# Alien Skin Snap Art 3 and Bokeh 2 not coming up in LR4



## rjalex (Apr 20, 2012)

I DLed the  trial MAc versions of these these two plugins to give them a try bu when I launch the installer they only give me Adobe CS5 (which btw is a 30 day trial only) as an "host" and not Lightroom (which is my full license).
Of course they do not show up in the external editor list of LR4.
Can I try something manually ?
Thanks
Bob


----------



## rjalex (Apr 20, 2012)

Seems the applications will not install automatically for LR. Here is what their very kind customer support wrote and it worked:

Our software is not a plugin for Lightroom. It actually works as an external editor that LR launches. Here are the instructions on how to add the software to LR. The instructions use Exposure 4 as an example, but you can replace that with Blow Up 3 and Snap Art 3 when following them.
Please open Lightroom and then open your preferences.
Mac - Lightroom > Preferences
PC - Edit > Preferences
Select the External Editing tab. 
Click the Preset dropdown under Additional External Editor and make sure Custom or Exposure 4 are selected.
Then click Choose, and browse to the Exposure 4 application file. 
Mac - Macintosh HD > Library > Application Support > Alien Skin > Exposure 4 > Alien Skin Exposure 4
PC - C:\Program Files\Alien Skin\Exposure4\Alien Skin Exposure 4 x64.exe
Then click Save Current Settings as New Presets from the Preset drop down box.


----------



## Victoria Bampton (Apr 20, 2012)

Very good instructions, thanks for posting them Bob.


----------



## rjalex (Apr 20, 2012)

My pleasure Victoria.

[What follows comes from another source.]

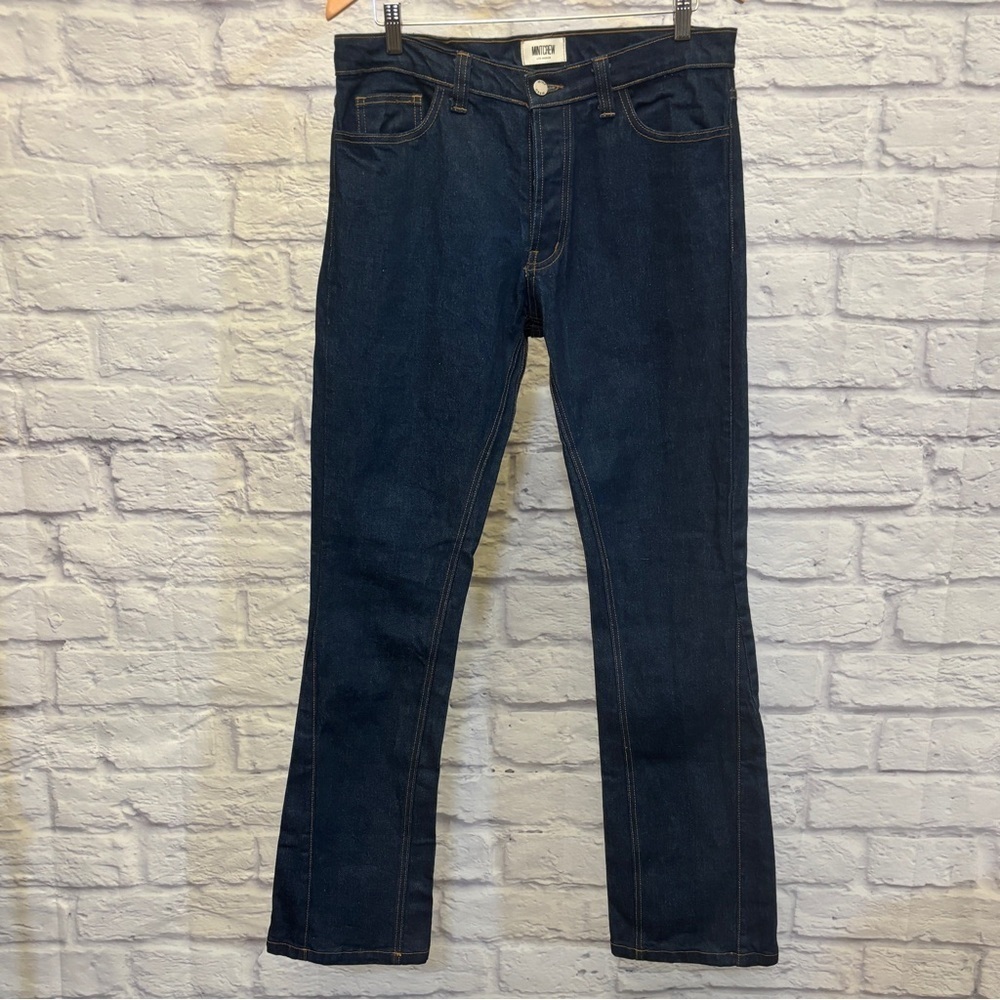 Mint Crew 34x32.5 Bootcut Men’s Jeans Dark Indigo Button Fly Made In USA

One correction: what I wrote above applies to the Snap Art 3 (the filters that make your pics resemble paintings/drawings), Blow Up 3 (an image enlarger) and Exposure 4 (which simulates many types of fims plus their blemishes). The same process applies also to Bokeh 2 (a sort of "selective blurring" tool) but the application is not in the same path as the others but is sitting in your Applications folder. 
Another clarification: when you save the new preset, you will able to save as many as you want (so for example in my case I ended up saving external editors for both Snap Art 3 and Exposure 4). It wasn't totally obvious to me since the External editing tab had only two entries, one taken by my trial of Photoshop and another one.


----------